At this point Eddie was told to visit the office to sort out the problem. On arrival he asked the user where he stored his discs and was merrily shown them - held onto a metal filing cabinet with powerful fridge magnets.
And the lesson is, keep smiling.
Look out for floppy tales part two next week.
Please don't hurt watchdogs or bears
As if all this interaction with Downtime's ever-loyal readership were not enough, dozens of you were good enough to point out the deliberate mistake contained in our story on the BBC's forthcoming ID cards drama.
Our thanks go out to Scott Doughty, Stuart Lymath, Warren Wright, Bill Fuller, Andrew Neilson and plenty of others for delicately ribbing us about the murders in the planned series being "grizzly" rather than "grisly".

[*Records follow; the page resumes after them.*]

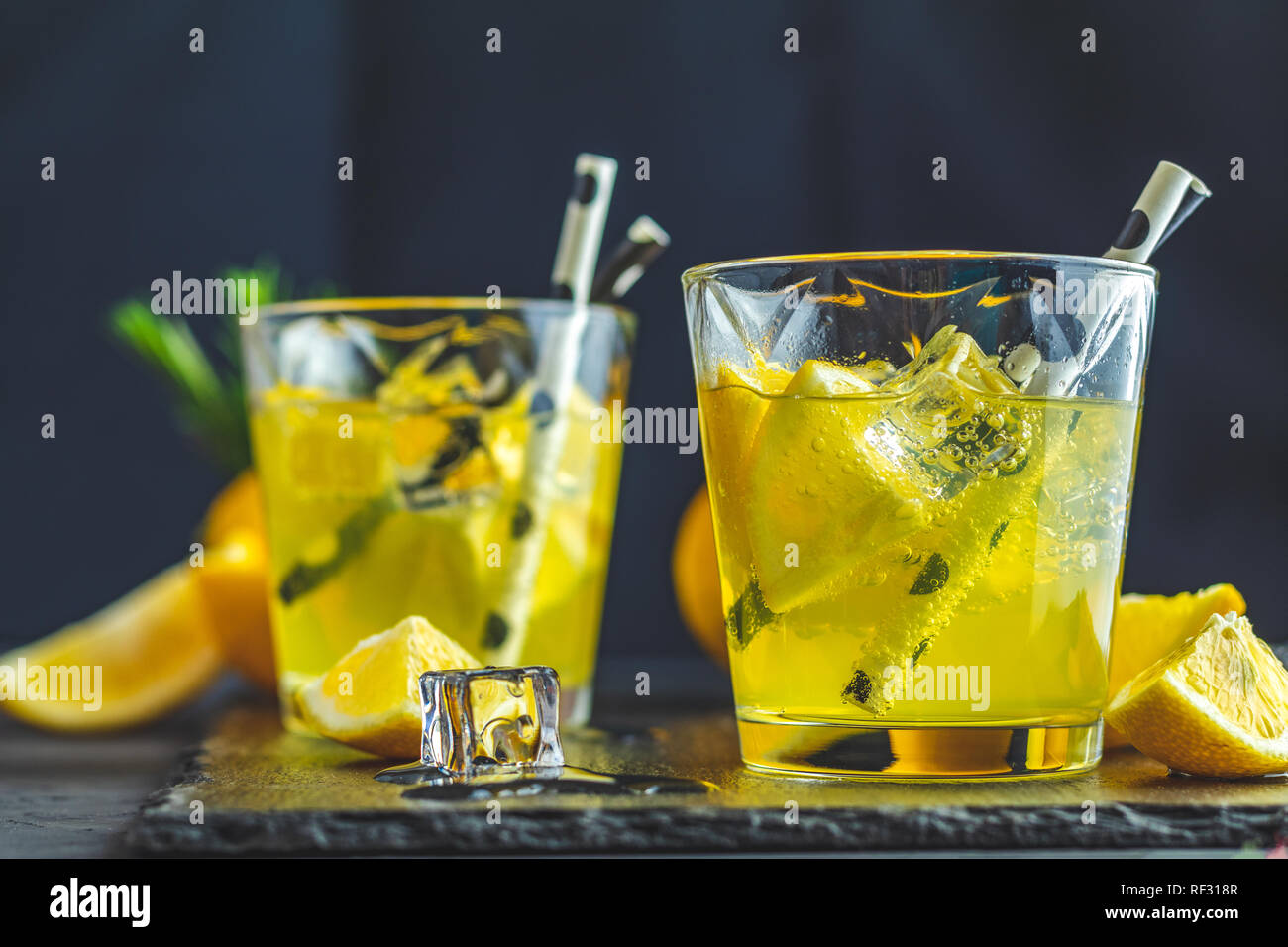 Lemon alcohol drink cocktail with ice, lemon and rosemary herb on black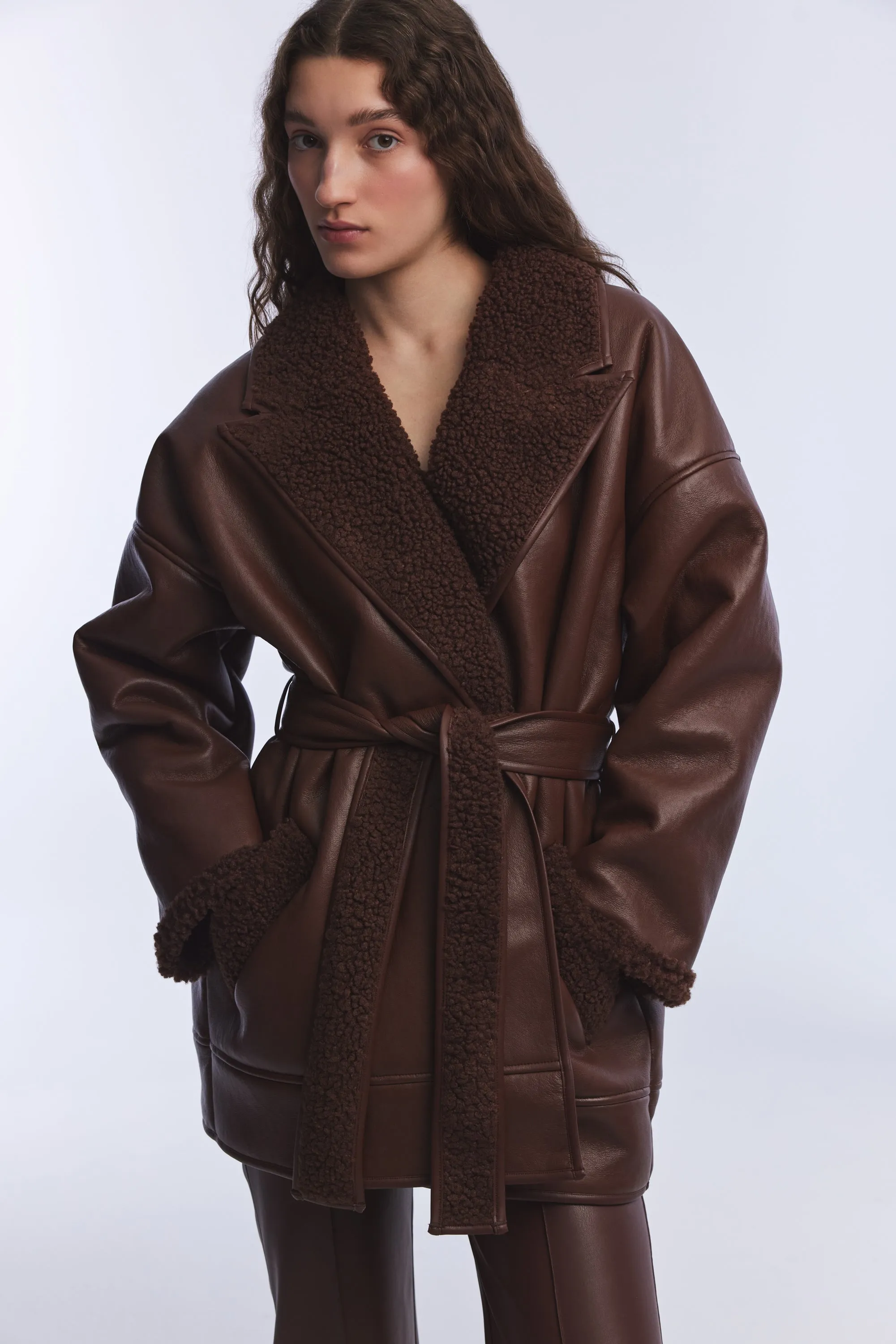 BROWN VEGAN LEATHER TEDDY DETAILED COAT WITH TIE DETAIL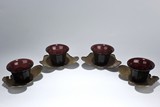 A SET OF FOUR PEKING GLASS CUPS WITH SILVER CUP STANDS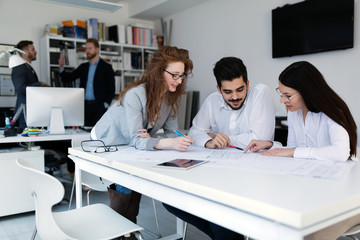 Group of architects working together on project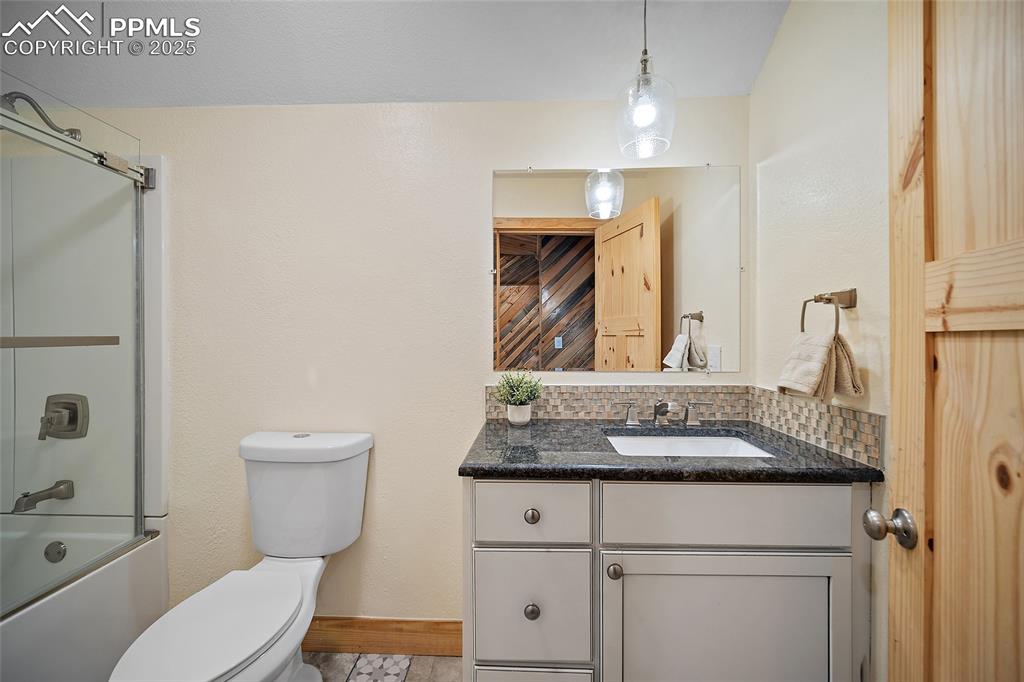 10739 Arnold Lane Rye, CO 81069 - Photo 27 of 50 a bathroom with a granite countertop sink vanity mirror and toilet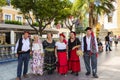 Costumed group of people at a folk festival.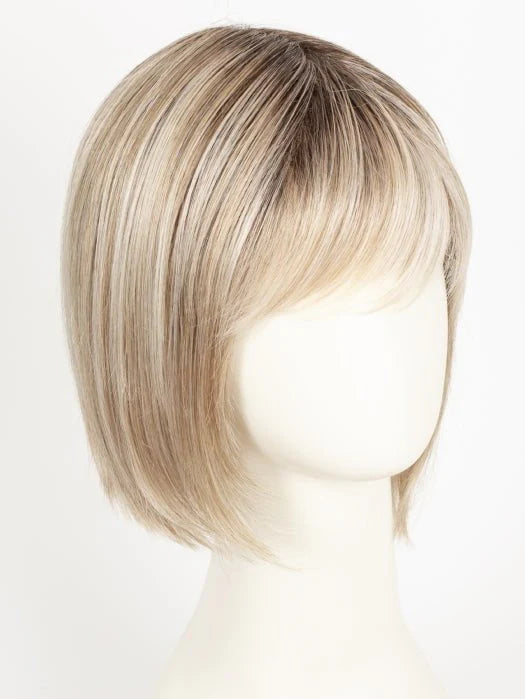 Mannequin wearing a short sleek bob with soft bangs and natural roots blonde synthetic wig Ellen Wille ideal for everyday wear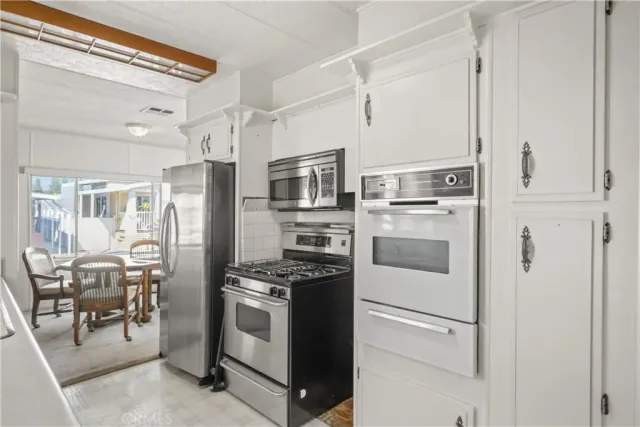 a kitchen with stainless steel appliances a refrigerator stove and white cabinets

As you might imagine, this led most of you to poke fun at our preparedness to promote cruelty to bears on the same page as "we proposed to investigate an attack on a dog", as one of you pointed out.
"How can you lick your lips in anticipation of a programme depicting the slaying of bears? Isn't it enough that these magnificent creatures have been hunted to the point of extinction without you promoting TV dramas that promise to show the carnage for entertainment?" asked one reader.
We have taken all this in the right spirit, rest assured. We can only hope that you are all paying similarly close attention to the rest of the magazine. That is where the really important stuff is, so we are told.